Em Pernambuco, o governo Paulo Câmara (PSB) afirmou que "recebe com preocupação as novas orientações do Ministério da Saúde". Entre os motivos, o Estado cita que não foi apresentado plano específico de abastecimento de serviços do SUS, em especial para unidades responsáveis por atender casos leves, que devem ser mais impactadas pela medida. "A estimativa é que as unidades de saúde do Estado, incluindo as das redes municipais, precisarão de mais de 1 milhão de comprimidos, só neste mês de maio - número muito superior às 186 mil cápsulas enviadas, desde março, pelo Ministério da Saúde."
Já na Paraíba, o secretário da Saúde, Geraldo Medeiros, disse que "não há nenhuma modificação" após o novo protocolo. Segundo afirma, o corpo técnico do Estado tem estudado "inúmeros trabalhos" e não há "evidências científicas comprovadas" dos benefícios da cloroquina. "É fundamental que (o uso) seja sob prescrição médica, porque o médico se responsabiliza por essa prescrição", disse.
Na região Norte, o governo Helder Barbalho (MDB) também diz que não vai alterar a administração da cloroquina nas unidades do Pará. "Qualquer medicamento deve ser prescrito pelo médico ao paciente", afirma, em nota. Por causa do avanço da covid-19, o Estado foi um dos primeiros a decretar o bloqueio completo (lockdown) em cidades.
Por nota, o secretário de Saúde do Mato Grosso do Sul, , Geraldo Resende, afirmou que o medicamento adquirido pelo governo foi destinado para trabalho científico em duas unidades hospitalares. "O uso da cloroquina é reservada à decisão do médico em relação à aplicação."

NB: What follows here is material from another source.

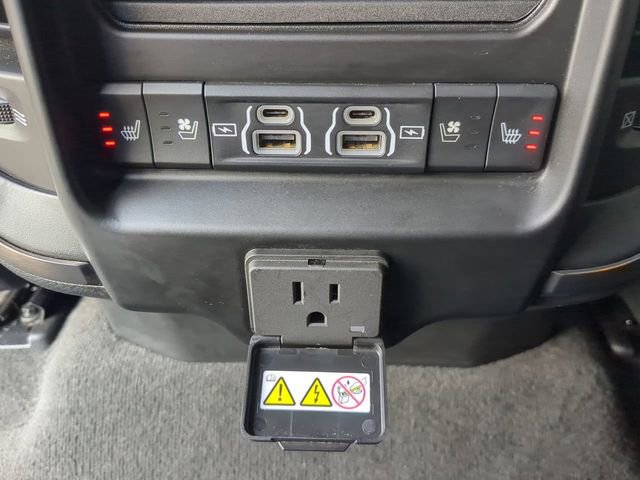 Used 2021 RAM 1500 Limited w/ Night Edition image 16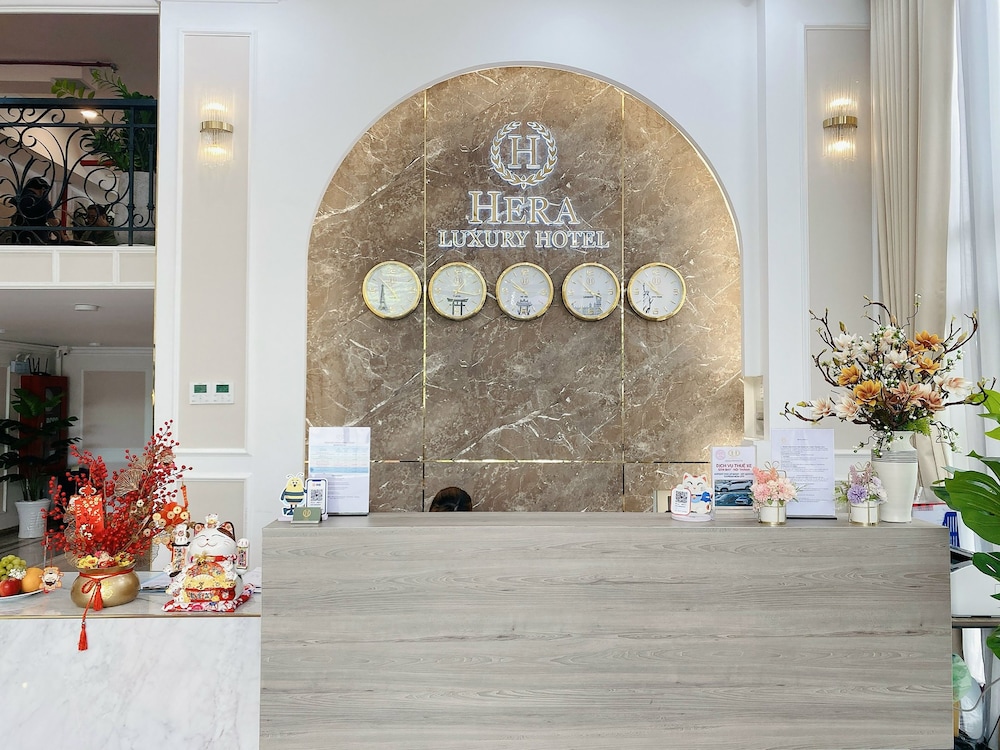Hera Luxury Hotel 8/50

Já os governos de Minas, Paraná, Santa Catarina, Mato Grosso, Acre, Piauí e Rio Grande do Norte afirmaram ao Estadão que o novo protocolo está sendo avaliado por comitês científicos locais ou pelas próprias secretarias de Saúde. Segundo os comunicados, ainda não há decisão sobre aplicação da medida.
"A nossa Secretaria de Saúde está atenta à todas as recomendações e protocolos da OMS e do Ministério da Saúde. Enquanto governador, não proíbo ou receito nenhum medicamento, pois essa é uma atribuição das equipes médicas", disse o governador do Mato Grosso, Mauro Mendes (DEM), em nota.
O governo do Distrito Federal disse que não iria se pronunciar sobre o tema. As demais unidades federativas não responderam até o momento.